Mirth and Woe: The Dog Smiles
We've got a dog. She's called Lucy. Lucy Minogue, and she wouldn't say boo to a goose. In fact, she'd run away from a goose, or, in fact, away from absolutely anything at all. She is the bestest dog ever, and I will fight any man who says otherwise.
Before that, we had Harry. Harry Minogue. Harry was - if you'll pardon the awful, awful pun - barking mad. He still is, as a matter of fact. When the bouncing, barking and pissing-on-the-floor became far too much, we gave him to some friends who were quite happy to put up with that kind of thing. He still looks round the back of the TV to see where all the animals are coming from - Harry was never the sharpest knife in the drawer.
A long, long time before that, we had Snoopy. Snoopy Not-a-Minogue. Snoopy was a beagle-crossed-with-something-else that we got from a rescue home, and had gone the first six months of his life known as Shep. We had to do the decent thing, of course, and give him a proper beagle name.
Loveable that we was, Snoopy was also a dreadful, scheming bastard who spent his entire life planning ways of wrecking the house or trying to escape, tales which I have chronicled extensively elsewhere. Bad dog, indeed. We never quite got over the woe of the time he went on a one-dog wrecking spree that caused chaos, calumny and panic at a five-a-side football tournament, stopping only to diligently piss over the goal posts.
This scheming even took place when we were out of the house. Our family spent every summer on a two-week camping holiday, most of which was spent chasing the dog across fields, only to find him, hours later, back at the tent, asleep.
He was not, alas, the best of dogs to have with you in the car. He'd get far too excited, jump about all over the place and drench everybody in dog slobber, a substance now banned as a chenical weapon by the Geneva Convention.
We didn't have much of a car at the time. It was a 1973 Renault 12 saloon, designed for four reasonably well-to-do French peasants on their way to surrender to the local Germans. And not, it should be pointed out, best suited to a family of five and maniacal dog going to visit a chain-smoking great-aunt on the other side of London.
Fair play to Snoopy. We got all the way up to London with very little incident, as the cunningly-planned pre-car walkie appeared to have wiped him out somewhat.
It was just as we crossed Wandsworth Bridge into the dreaded land South of the River where no cabbie dares to drive, that he came to life. Before we knew it he was slobbering all over the windows at other dogs on Wandsworth Common, barking at the prison, and generally making a nuisance of himself across the back seat of the car.

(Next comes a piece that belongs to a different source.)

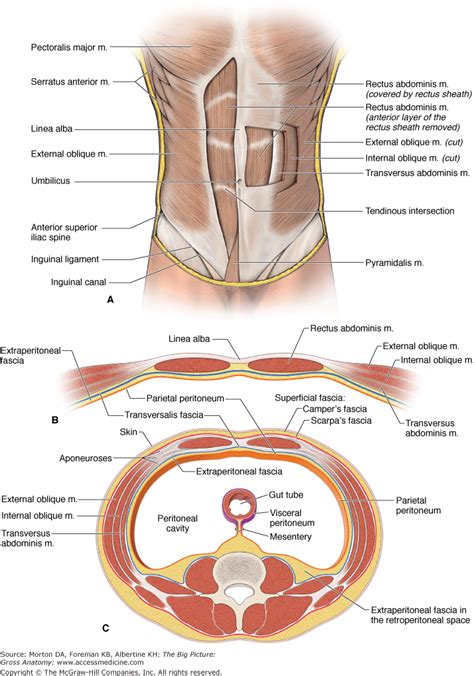 Athletic injuries of the lateral abdominal wall: Image of abdomen fascia | Abdomen, Exercise abdomen, Fit ...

And then: Tooting. Home of the legendary Wolfie Smith, revolutionary leader of the mighty Tooting Popular Front. He wasn't home, so we pressed on toward Bromley and the faggy fifty-a-day aunt.
"Dad! The dog's smiling!"
"So he is. Isn't that funny?"
"Awww, who's a cute ickle doggums, eh?"
Alas, my mother was far too busy driving to deliver her warning to us. She had always had dogs as a girl and knew that dogs, as a rule, don't tend to smile a great deal.
"He's not smiling, he's..."
"Yaaaaaaaaaarch!" said Snoopy.
And "Yaaaaaaarch!" he went again, bowking the finest Pedigree Chum and Winalot mix all over Nigel's shoulder. Which he* then proceeded to eat, it being a shame to let good food go to waste.
Poor Nigel: "Yaaaaaaarch!" he said, quite understandably in the circumstances.
Well, if it was alright for them, I might as well get into the act.
There being no hedges in the middle of Tooting Broadway, I went for the next best thing: everybody else in the car. Alas, trying to hold it back only made it worse, and I sprayed my youthful chunder in what, in other circumstances, might have been described as a pleasing arc for maximum spatter.
And what a dreadful, vomit-soaked group early-evening passers-by witnessed emerging from a dark blue Renault that evening, scraping sick off our clothes and retching aftershocks into a nearby drain, a foul-smelling dog of indeterminate breed licking shamelessly at puddles of the stuff.
Then we went to Aunt Silk Cut's and she barely noticed the stench through the nicotine fog. In fact, we stayed the night, attempting to sleep on her floor as trains roared by, not twenty feet away.
We got an estate car. Alas, he quickly learned to be sick through the bars and onto the back seat. Bad dog.